#### PROBLEM
I would like every record reproduced exactly, with the pictures left out.

(Beginning of RECORDED DATA)

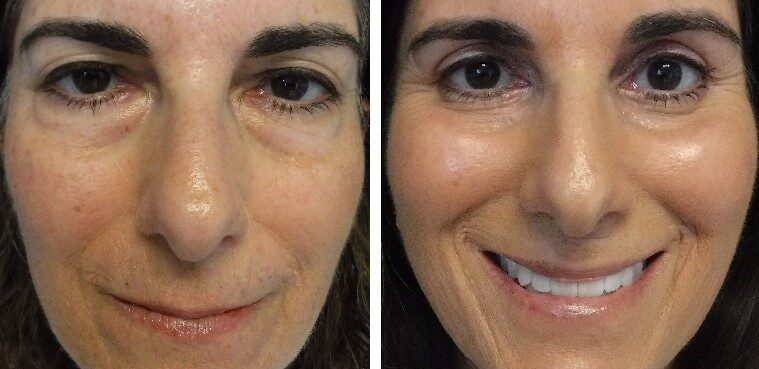 before and after photo four lid blepharoplasty and ptosis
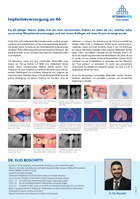 Implantatversorgung an Zahn 46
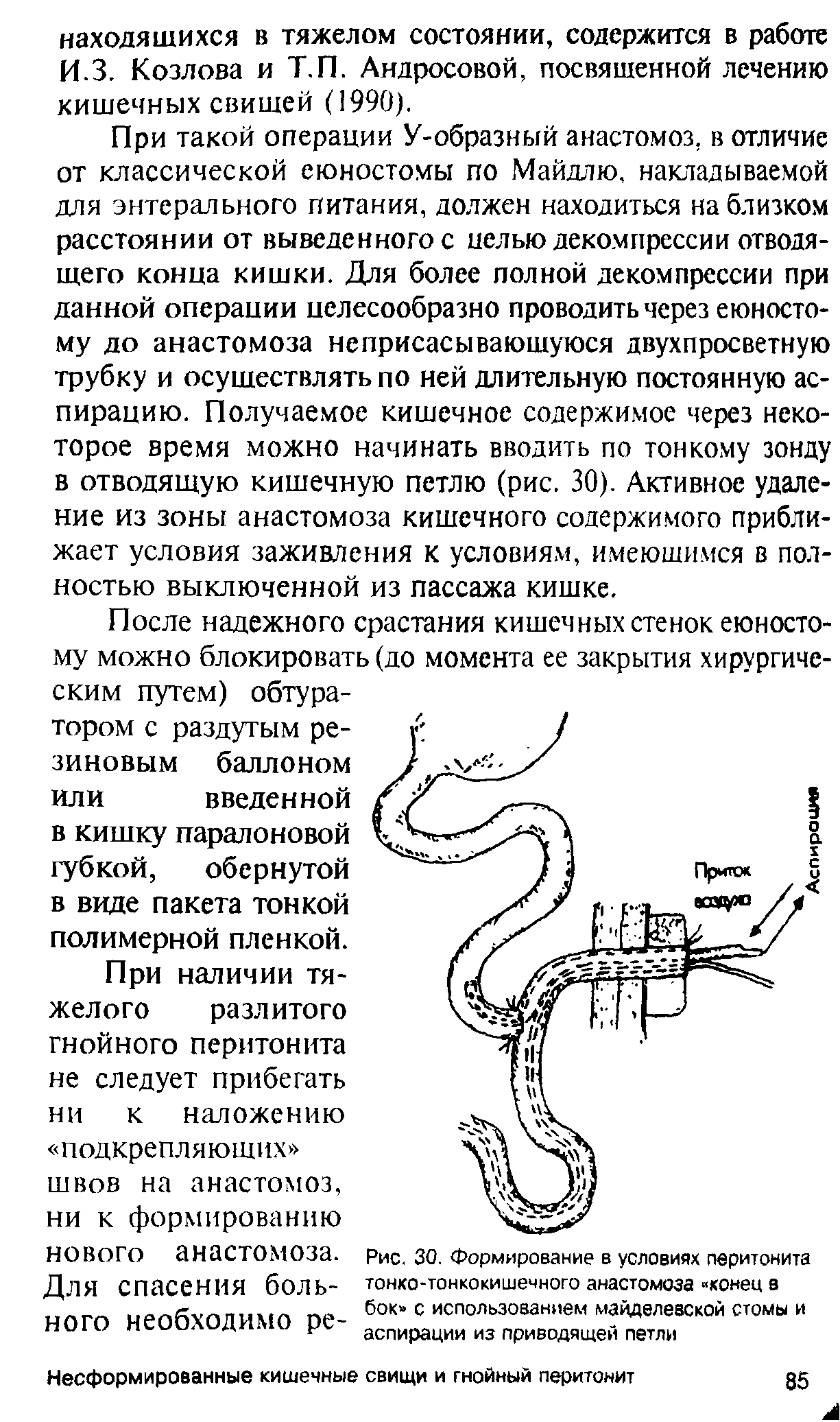 Рис. 30. Формирование в условиях перитонита тонко-тонкокишечного анастомоза конец в бок с использованием майделевской стомы и аспирации из приводящей петли...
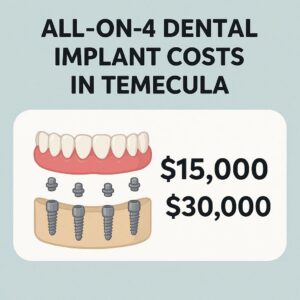 All-on-4 Dental Implant Costs in Temecula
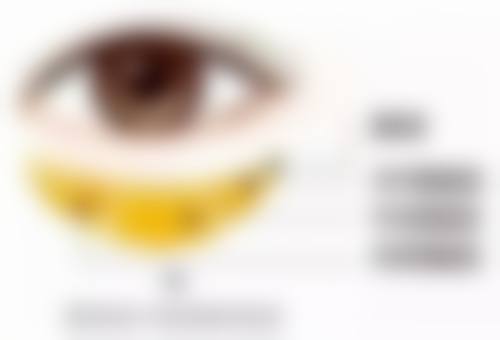 黑眼圈与眼袋的治疗方法不同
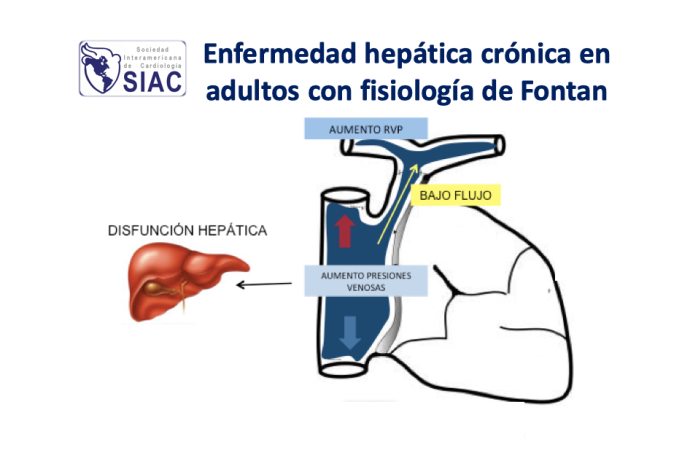 Enfermedad hepática crónica en adultos con fisiología de Fontan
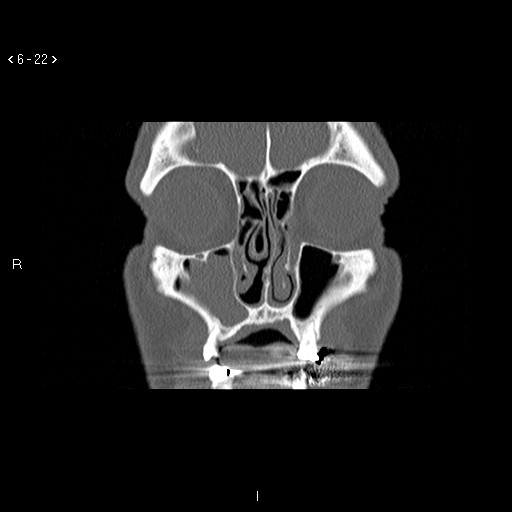 File:Antrochoanal Polyp (Radiopaedia 70510-80631 Coronal bone window 11).jpg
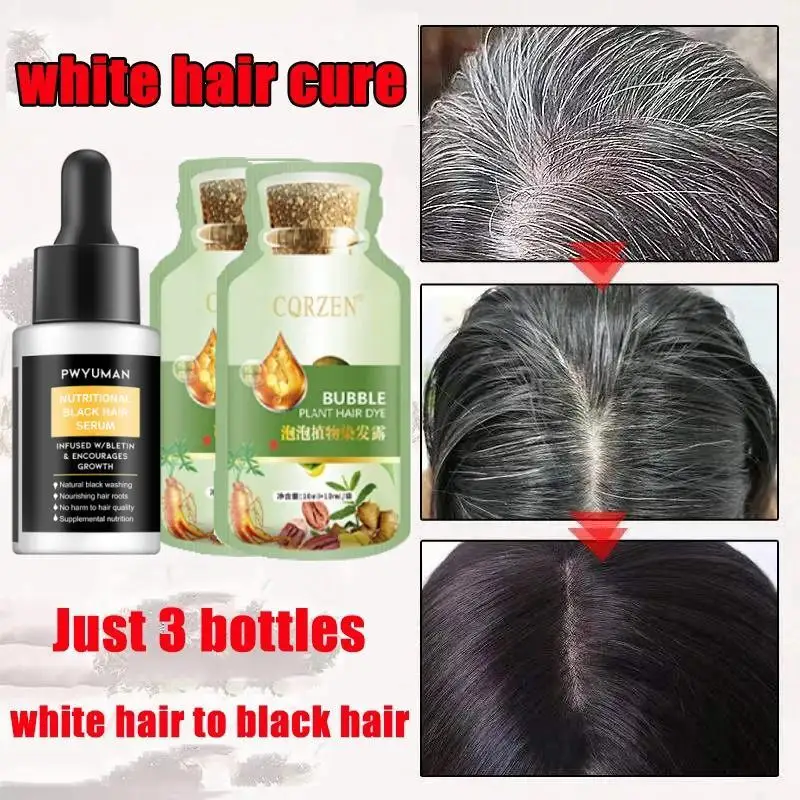 White Hair Treatment Essence Repairs Natural Color Prevents Gray Hair Shampoos  Anti Loss Hair Rgrowth Men Women Care Products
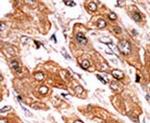Phospho-BIK (Thr33) Antibody in Immunohistochemistry (IHC)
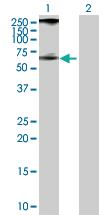 Anti-PIP4K2A Rabbit Polyclonal Antibody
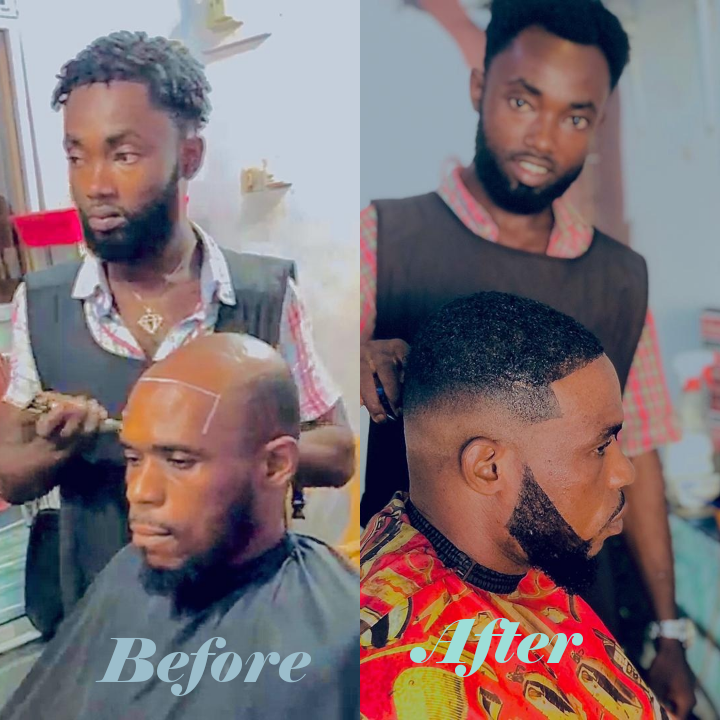 /Artificial hair replacement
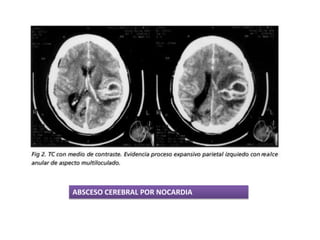 ABSCESO CEREBRAL POR NOCARDIA
 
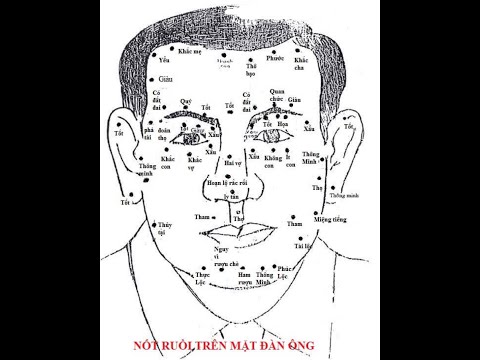 NỐT RUỒI TRÊN MẶT ĐÀN ÔNG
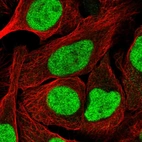 Immunofluorescent staining of human cell line U-2 OS shows localization to nucleoplasm.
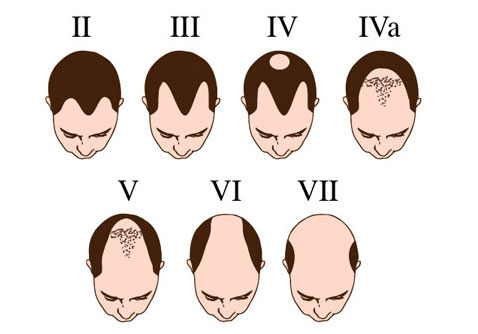 how to stop hair loss and regrow it the natural way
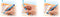 STAEDTLER Lumocolor correctable pen M - box 4 kleuren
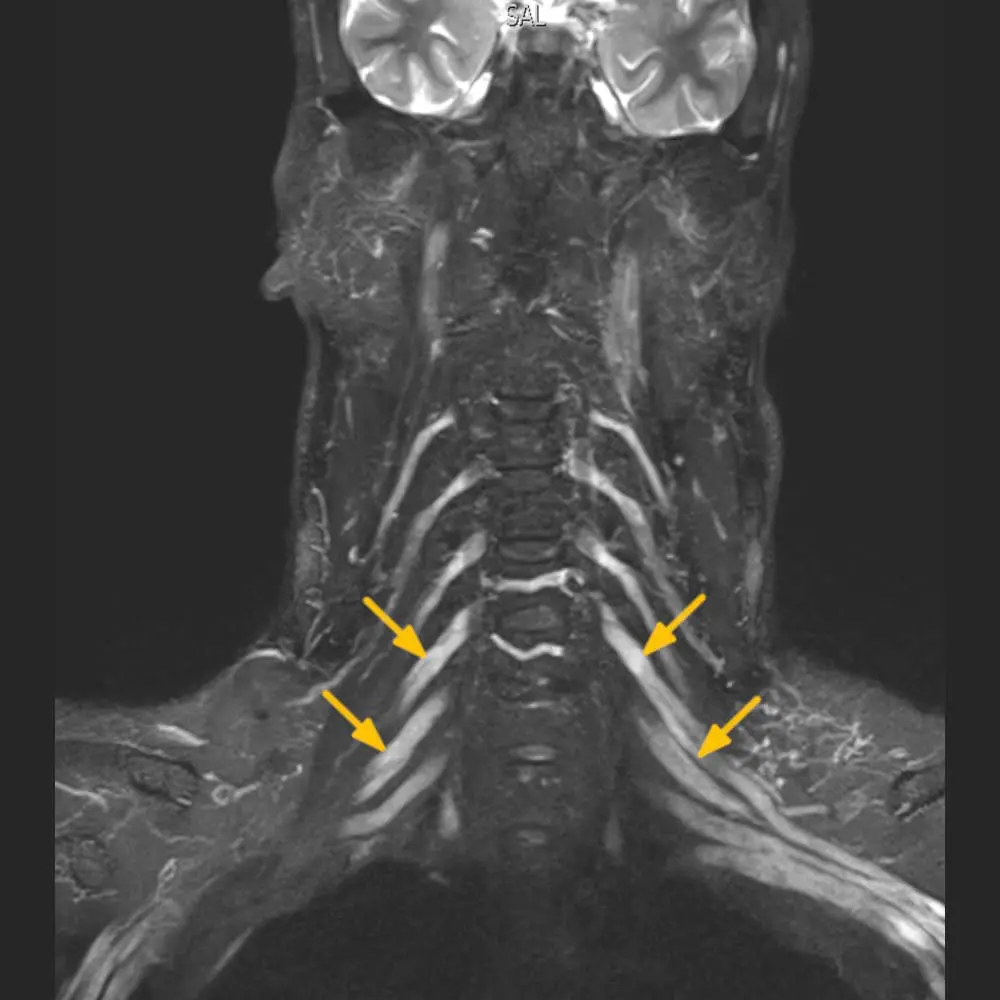 MRI-Aufnahme des peripheren Armgeflechts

(End of RECORDED DATA)

#### ANSWER BELOW
 before and after photo four lid blepharoplasty and ptosis
 Implantatversorgung an Zahn 46
 Рис. 30. Формирование в условиях перитонита тонко-тонкокишечного анастомоза конец в бок с использованием майделевской стомы и аспирации из приводящей петли...
 All-on-4 Dental Implant Costs in Temecula
 黑眼圈与眼袋的治疗方法不同
 Enfermedad hepática crónica en adultos con fisiología de Fontan
 File:Antrochoanal Polyp (Radiopaedia 70510-80631 Coronal bone window 11).jpg
 White Hair Treatment Essence Repairs Natural Color Prevents Gray Hair Shampoos  Anti Loss Hair Rgrowth Men Women Care Products
Phospho-BIK (Thr33) Antibody in Immunohistochemistry (IHC)
 Anti-PIP4K2A Rabbit Polyclonal Antibody
 /Artificial hair replacement
 ABSCESO CEREBRAL POR NOCARDIA
 
 NỐT RUỒI TRÊN MẶT ĐÀN ÔNG
 Immunofluorescent staining of human cell line U-2 OS shows localization to nucleoplasm.
 how to stop hair loss and regrow it the natural way
 STAEDTLER Lumocolor correctable pen M - box 4 kleuren
 MRI-Aufnahme des peripheren Armgeflechts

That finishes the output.